| Exercise description |
Among the entries below, extract exactly the lines that run from the one with "Rear view of" through the one with "MIKLAUS VELVET FABRIC", both ends included.

| Dataset excerpts |
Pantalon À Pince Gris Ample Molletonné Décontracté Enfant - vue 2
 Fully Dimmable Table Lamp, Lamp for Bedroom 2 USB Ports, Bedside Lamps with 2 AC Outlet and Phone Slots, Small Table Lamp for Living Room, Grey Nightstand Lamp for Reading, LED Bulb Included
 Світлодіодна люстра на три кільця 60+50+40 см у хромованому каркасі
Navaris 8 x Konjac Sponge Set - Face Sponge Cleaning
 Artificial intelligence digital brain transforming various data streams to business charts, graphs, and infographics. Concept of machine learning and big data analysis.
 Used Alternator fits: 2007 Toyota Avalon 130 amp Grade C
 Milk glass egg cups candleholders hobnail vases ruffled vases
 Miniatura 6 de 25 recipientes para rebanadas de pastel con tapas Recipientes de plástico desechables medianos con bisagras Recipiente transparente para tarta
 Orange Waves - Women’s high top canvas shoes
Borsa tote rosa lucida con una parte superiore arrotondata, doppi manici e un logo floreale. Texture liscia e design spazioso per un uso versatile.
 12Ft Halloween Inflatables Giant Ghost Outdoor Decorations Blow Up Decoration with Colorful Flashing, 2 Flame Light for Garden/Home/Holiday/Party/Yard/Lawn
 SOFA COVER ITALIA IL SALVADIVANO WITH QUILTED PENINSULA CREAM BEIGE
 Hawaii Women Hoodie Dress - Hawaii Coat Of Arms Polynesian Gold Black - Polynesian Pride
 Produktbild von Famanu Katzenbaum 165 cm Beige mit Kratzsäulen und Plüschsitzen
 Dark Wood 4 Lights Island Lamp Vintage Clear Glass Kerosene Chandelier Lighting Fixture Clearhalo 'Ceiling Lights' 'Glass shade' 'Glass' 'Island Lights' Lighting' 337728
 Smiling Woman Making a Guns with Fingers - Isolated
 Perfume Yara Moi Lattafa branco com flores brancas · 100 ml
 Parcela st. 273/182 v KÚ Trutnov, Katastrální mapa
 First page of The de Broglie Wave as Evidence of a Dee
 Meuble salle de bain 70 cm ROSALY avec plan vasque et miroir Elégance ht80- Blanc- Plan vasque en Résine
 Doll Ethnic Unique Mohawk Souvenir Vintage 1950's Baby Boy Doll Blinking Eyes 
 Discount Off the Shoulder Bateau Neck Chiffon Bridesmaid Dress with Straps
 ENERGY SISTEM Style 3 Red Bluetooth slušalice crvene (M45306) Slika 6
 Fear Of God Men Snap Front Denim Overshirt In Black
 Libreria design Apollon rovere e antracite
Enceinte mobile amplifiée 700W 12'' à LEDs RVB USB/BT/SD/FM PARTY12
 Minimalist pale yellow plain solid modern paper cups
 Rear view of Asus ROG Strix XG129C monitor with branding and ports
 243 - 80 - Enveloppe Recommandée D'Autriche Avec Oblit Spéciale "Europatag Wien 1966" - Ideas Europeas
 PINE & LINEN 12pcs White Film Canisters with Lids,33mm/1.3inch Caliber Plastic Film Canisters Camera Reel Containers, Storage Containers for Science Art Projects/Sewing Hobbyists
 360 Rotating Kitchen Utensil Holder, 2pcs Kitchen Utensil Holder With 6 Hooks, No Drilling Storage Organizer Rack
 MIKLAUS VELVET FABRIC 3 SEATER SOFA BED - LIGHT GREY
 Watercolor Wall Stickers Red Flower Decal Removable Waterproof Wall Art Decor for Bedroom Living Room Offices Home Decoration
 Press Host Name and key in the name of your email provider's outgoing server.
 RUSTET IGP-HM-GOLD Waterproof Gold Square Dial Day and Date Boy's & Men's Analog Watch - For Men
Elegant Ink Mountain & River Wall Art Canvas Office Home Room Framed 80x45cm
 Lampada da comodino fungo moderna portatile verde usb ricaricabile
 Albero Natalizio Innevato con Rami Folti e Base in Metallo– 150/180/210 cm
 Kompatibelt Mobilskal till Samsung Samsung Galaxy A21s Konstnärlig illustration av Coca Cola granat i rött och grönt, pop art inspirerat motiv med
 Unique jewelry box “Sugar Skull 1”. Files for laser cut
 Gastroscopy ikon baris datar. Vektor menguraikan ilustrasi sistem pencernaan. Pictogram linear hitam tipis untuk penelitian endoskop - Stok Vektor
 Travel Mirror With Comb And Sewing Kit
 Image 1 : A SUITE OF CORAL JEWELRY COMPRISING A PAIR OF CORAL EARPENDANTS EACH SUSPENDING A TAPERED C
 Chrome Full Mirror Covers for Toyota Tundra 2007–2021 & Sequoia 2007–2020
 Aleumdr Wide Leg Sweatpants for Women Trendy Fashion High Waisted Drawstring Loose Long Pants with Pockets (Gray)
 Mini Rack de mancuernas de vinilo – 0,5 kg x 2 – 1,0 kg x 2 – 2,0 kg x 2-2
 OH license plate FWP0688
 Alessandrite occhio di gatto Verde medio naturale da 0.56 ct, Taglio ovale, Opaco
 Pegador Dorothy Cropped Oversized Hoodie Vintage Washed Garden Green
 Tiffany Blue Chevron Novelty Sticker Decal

| Result |
 Rear view of Asus ROG Strix XG129C monitor with branding and ports
 243 - 80 - Enveloppe Recommandée D'Autriche Avec Oblit Spéciale "Europatag Wien 1966" - Ideas Europeas
 PINE & LINEN 12pcs White Film Canisters with Lids,33mm/1.3inch Caliber Plastic Film Canisters Camera Reel Containers, Storage Containers for Science Art Projects/Sewing Hobbyists
 360 Rotating Kitchen Utensil Holder, 2pcs Kitchen Utensil Holder With 6 Hooks, No Drilling Storage Organizer Rack
 MIKLAUS VELVET FABRIC 3 SEATER SOFA BED - LIGHT GREY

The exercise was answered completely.